On the main display podium was a sky blue Hyundai Accent - a horrible car anyway but they had, er, enhanced it with a large design on the bonnet (that's the hood for my occasional American reader) and cartoon pictures of Dalmations on the doors.
Next to that was a black Hyundai Elantra - it looked OK (for a saloon car) from the front but they had stuck on (not quite straight) a silver fuel-filler cover that now stood proud from the body, a silver bumper protector below the boot (trunk) lid and, the biggest travesty of all - they had replaced the front seats with leather but not the back seats! Has anyone ever seen a car with half leather and half cloth seats?
Even the Tucson that they had (that's what I've got) had running boards and a replacement front bumper (fender) that's significantly larger than the original.
House Doctor. When I've been flat-hunting in the past here, people have shown me round filthy apartments with disgusting kitchens and broken aircon and assured me that it would all be fine by the time we moved in. I can’t see through the visual appearance to the possible flat underneath. Clearly I'm the odd one out here - the Hyundai dealer said they are currently selling 400 cars per month.
People here certainly do enjoy embellishing their cars, inside and outside. Sure there are yoofs in the UK who would be attracted by the horrible body kit like the car above but many more cars have fins, decals, stickers, pretend BMW 5-series antennae and so on stuck on the outside. Most have dangly things hanging from the mirror (usually the only purpose that the mirror serves), a pot of something smelly on the dashboard, seat covers (I've seen black leather seats with telly tubbies seat covers), steering wheel covers (some so thick that the driver can barely hold the wheel) and all sorts in the back window. The parcel shelf seems to be seen as a convenient storage place for cushions or a display for all the cuddly toys that you can find - oddly a back window like the one here doesn't mean that the owner/driver of the car is female - again, it's not such a big issue as the driving style really doesn't take into account what's behind you, only what's in front.

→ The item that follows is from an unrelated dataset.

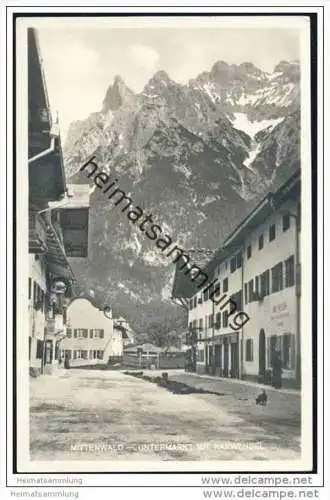 Mittenwald - Untermarkt mit Karwendel - Foto-AK 30er Jahre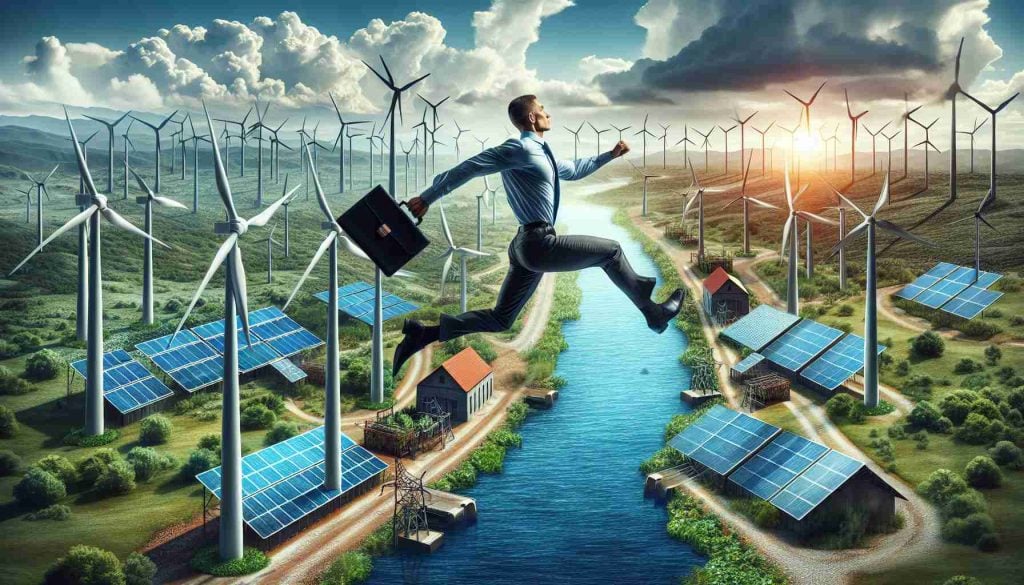 Realistic HD photo of a renewable energy company's bold leap! Is this a game-changer in sustainable investments? Depict a landscape of renewable energy sources such as wind turbines, solar panels, and hydroelectric dams, embodying a powerful shift towards environmentally friendly practices.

Clearly a number of people have seem The Fast and The Furious and have decided that adding blue neons to the underside of their local equivalent of an old style Nissan Micra would look cool.
Similarly, I spotted this guy who had added blue LEDs to the exhaust pipe of his mini-MPV so that they came on when he braked.

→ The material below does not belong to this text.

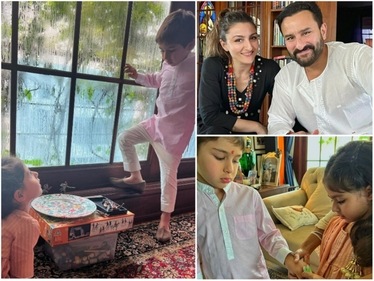 Soha Ali Khan shares pictures of Taimur, Jeh, Inaaya and Saif Ali Khan on Raksha Bandhan. Soha Ali Khan shares pictures of Taimur, Jeh, Inaaya and Saif Ali Khan on Raksha Bandhan.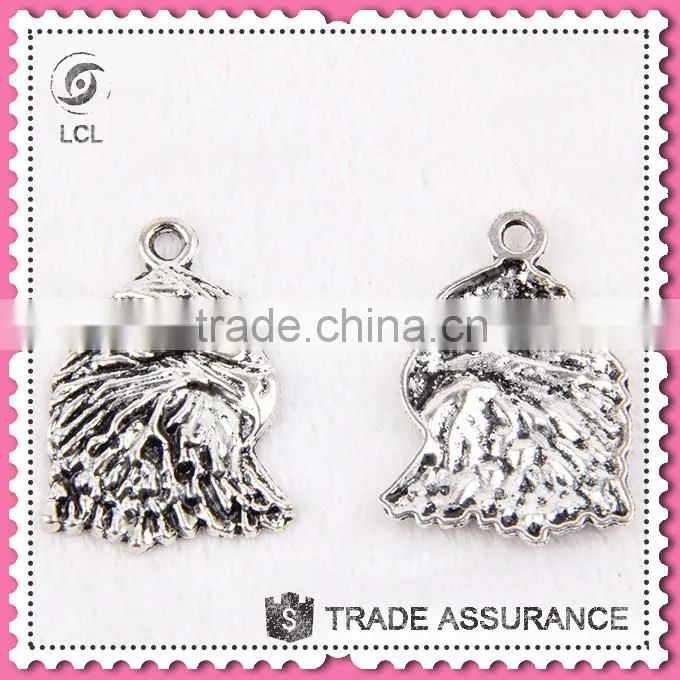 Vintage animal pendant owl shaped, for necklace imitate silver owl pendant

They did try to hard sell me on tinted window film - as summer is coming. I can see why other people are happy with the film to keep out the worst of the sun in the summer as it is pretty intense – (I've seen temperatures of 43 here) and in fact most cars here have tinted windows all round (and certainly much, much darker than would be remotely legal in the UK).

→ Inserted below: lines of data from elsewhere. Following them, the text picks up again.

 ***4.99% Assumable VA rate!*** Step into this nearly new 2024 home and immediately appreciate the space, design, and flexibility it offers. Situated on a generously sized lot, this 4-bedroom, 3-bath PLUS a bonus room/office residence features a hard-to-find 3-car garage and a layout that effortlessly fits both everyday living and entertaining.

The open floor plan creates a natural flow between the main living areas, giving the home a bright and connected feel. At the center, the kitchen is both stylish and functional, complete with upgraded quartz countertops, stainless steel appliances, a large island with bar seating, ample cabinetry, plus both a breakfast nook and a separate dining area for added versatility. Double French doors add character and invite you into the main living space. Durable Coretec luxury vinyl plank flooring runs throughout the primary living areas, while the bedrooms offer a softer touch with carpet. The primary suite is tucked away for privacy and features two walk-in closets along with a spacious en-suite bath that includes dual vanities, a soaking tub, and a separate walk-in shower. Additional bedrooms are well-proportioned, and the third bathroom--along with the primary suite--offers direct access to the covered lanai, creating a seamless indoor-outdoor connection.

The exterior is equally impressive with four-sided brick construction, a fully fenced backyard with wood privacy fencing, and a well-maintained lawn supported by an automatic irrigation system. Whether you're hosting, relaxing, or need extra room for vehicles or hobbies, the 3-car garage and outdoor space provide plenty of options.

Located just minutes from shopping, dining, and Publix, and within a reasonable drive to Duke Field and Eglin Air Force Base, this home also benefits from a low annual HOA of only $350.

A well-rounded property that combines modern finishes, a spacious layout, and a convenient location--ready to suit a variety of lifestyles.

This is the first car I've ever had with manufacturer-tinted windows in the back and it makes reversing in poor light quite hard. Whilst I have adapted my driving style to some extent to match the local style, I'm still accustomed to using my mirrors before manoeuvring and I don’t think I could do that at night with tinted side windows. Some people without film install special curtains and taxi-drivers often trap a towel in the top of the driver's side window as a sun-shade - obviously they then can’t see anything at all out of the window then.
Still, my car was serviced in reasonable time. They even washed it. Unfortunately, the guy that drove the car from point to point didn't think to wash his hands so now the outside is clean and the inside is covered in oily-black fingerprints. Sigh.